My system used to crash (freeze) frequently (every 2nd or 3rd day).. But after I sold my GeForce4-card and got a Matrox G450 instead, and switched back to using OSS instead of ALSA (I've got a SB Live..), I've not had a single crash! It has been running for several months without a single reboot, and everything is super-stable! I've used it heavily every day, burnt more than 150 CD-Rs, been on Direct Connect and Freenet 24/7 etc.. That's despite I run the heavily patched 2.4.19-gentoo-r8 kernel, and my whole system (including the kernel) is compiled with gcc 3.2 "-march=athlon-mp -O3 -mfpmath=sse -pipe"..
So my conclusion is: Linux IS stable!
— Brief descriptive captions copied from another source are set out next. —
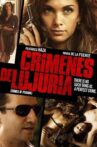 Crimes of Passion Movie Streaming Online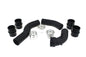 TurboWorks Charge Pipe BMW F20 F22 F32 N20 125i 320i 328i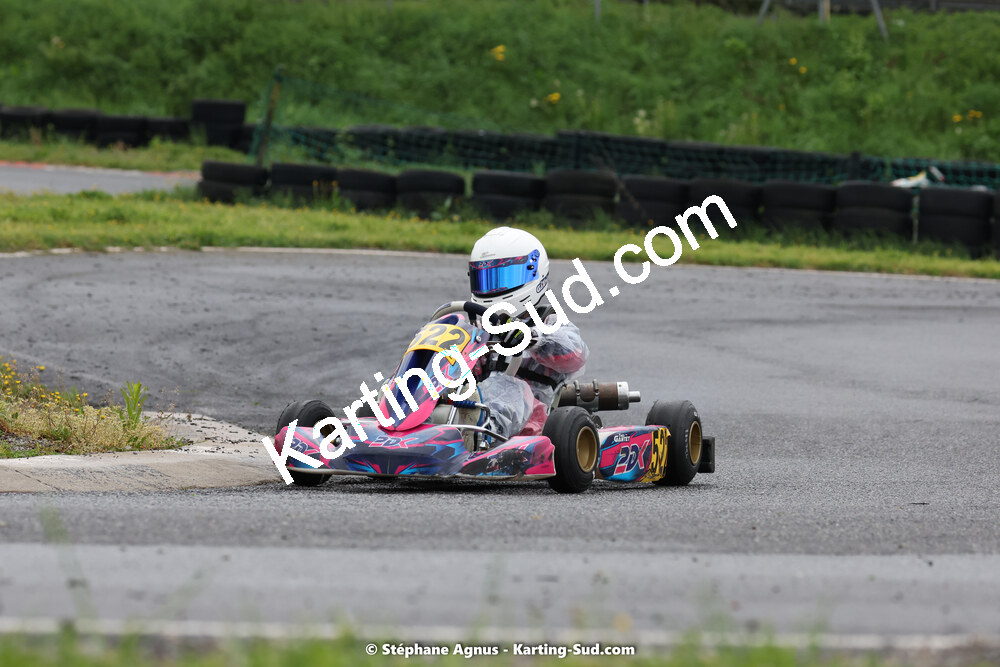 Karting-Sud-2J4A9457.jpg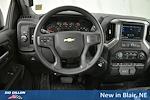 New 2026 Chevrolet Silverado 1500 Work Truck Regular Cab for sale #326864 - photo 5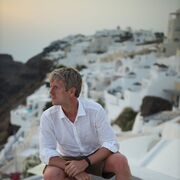 ���������� ������, ���� ������� ������, 42 ����, ������������ ��� ������, ����� � ���������, c�������� ���������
Extremly stable! The cause of 99% of the "linux crashes!"-bullshit is because of NVidia's crap-drivers (fast but unstable) and drivers still not "preemtive"-safe (ALSA on SMP for example).. But those things are not used on servers anyway.
And about the "hardware problems": Yes, you DO get hardware problems MUCH MUCH more often on cheap PCs than on multi-million-dollar Unix-servers from Sun/HP/IBM.. Cheap PCs uses the cheapest-of-the-cheapest variant of all components to cut down the price. Expensive Unix-servers use expensive components and have a lot of redundancy, so you don't have to have downtime just because a CPU, a harddisk som RAM or something else failed.
My other account has a 3-digit UID.
We had a bad network adapter which would fail when other DMA devices were busy. This meant that whenever disk I/O was heavy, using the network adapter was likely to cause a complete system lockup. This took a while to diagnose as the problems took upward of two weeks to reproduce.
Despite the equivalent of having the power cable yanked randomly a dozen times when the machine was at its busiest, we never had a single problem with Reiser. The file which was being written to existed as the old version, and there wasn't even a lengthy fsck. Integrity was 100%.
Says the RIAA: When you EQ, you're stealing bass!
trust your backup.
Two cents from an old admin.
Test your backup. Not just once, but periodically.
Two cents from a (different) old admin.